O ‘Caveirão’, bar e mercearia, foi pioneiro em instalação comercial na pequena e esquisita rua do chamado cemitério do Cruzeiro, a Otávio Amorim, após estágio anônimo na Almirante, quase em frente à casa de meus pais. Toinho Caveirão, o dono, cismou em vender o prédio e o ponto, e voltar de onde viera, a zona rural. Lico, magarefe e comerciante de criação, ofício que herdou do pai, adquiriu os dois.
Causou-me surpresa quando ele, ao fazer a entrega dos bodes abatidos que meu açougue venderia naquele final de semana, confirmasse que estava negociando a compra de toda estrutura de ‘O Caveirão’. Não me surpreendeu quando, meses depois, em mais uma entrega, confirmou que seria a última, e passou o fornecimento para Peba, seu cunhado.
Por mais paradoxal que pareça, a interrupção do fornecimento aumentou nossa parceria comercial, tornando-a bilateral. Lico passou a me comprar a mistura caseira da semana e alguns ingredientes para o bar. Toda segunda-feira, dia de folga do estabelecimento, chegava ele e sua Marizélia no nosso açougue, constituindo-se, na maioria das vezes, os primeiros clientes do dia.
Na quinta-feira, retribuía-lhes a visita, tomando as três doses de costume, tirando o gosto com pedaços de bode assado ou da linguiça feita da especialidade da casa; tinha que ter um pedaço do rim da carne guisada, escolhida com gentileza pela chef, quando eu mesmo não escolhia.
Isso mesmo! Ficava ziguezagueando entre a cozinha e a parte interna do balcão, servindo minhas doses, conversando com os funcionários e os donos, e até clientes conhecidos. Somente em companhia familiar ou de algum convidado especial em almoço é que nos serviam na mesa.

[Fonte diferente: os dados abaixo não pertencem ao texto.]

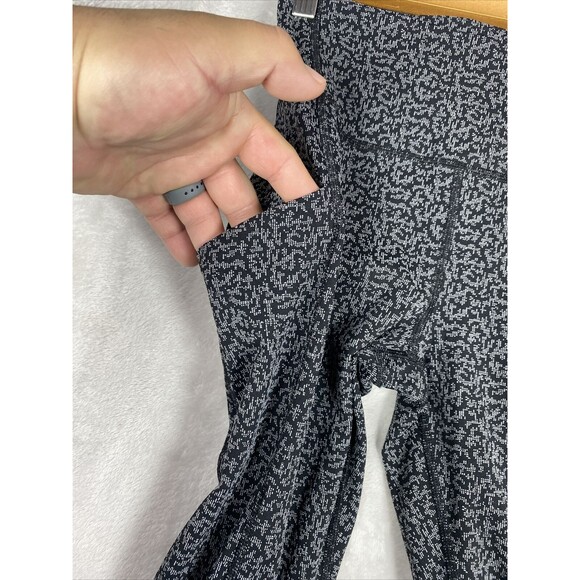 Athleta Women's XSmall Black Ultimate Stash Pocket‎ Textured 7/8 Tight Leggings - Picture 4 of 10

A liberdade que eu tinha lá, meu amigo Lico tinha cá. No meu comércio, um “bom dia” era chave de licença para que ele abrisse a porta de acesso interno e contornava o balcão. Ficávamos conversando, enquanto ele corria os vidros, abrindo o expositor, e escolhia a peça de carne que lhe agradasse, passando para o funcionário ou eu fatiá-la; às vezes até ele mesmo riscava as fatias.
No verão, Lico e Marizelia sempre acenavam com um convite para o desfrute de uns dias no “apê” familiar em Jacumã. Preso ao comércio diário, fomos algumas vezes e vivenciamos momentos agradáveis. Fomos parceiros e somos amigos. A parceria acabou quando, há quase cinco anos, resolvi fechar a loja.
Ainda este ano, o casal repassou o negócio para o genro, a quem devo uma visita. Se com Lico os clientes o chamavam de Bodão, com o genro, imagino, chegam e tascam um “bom dia, Bodinho”.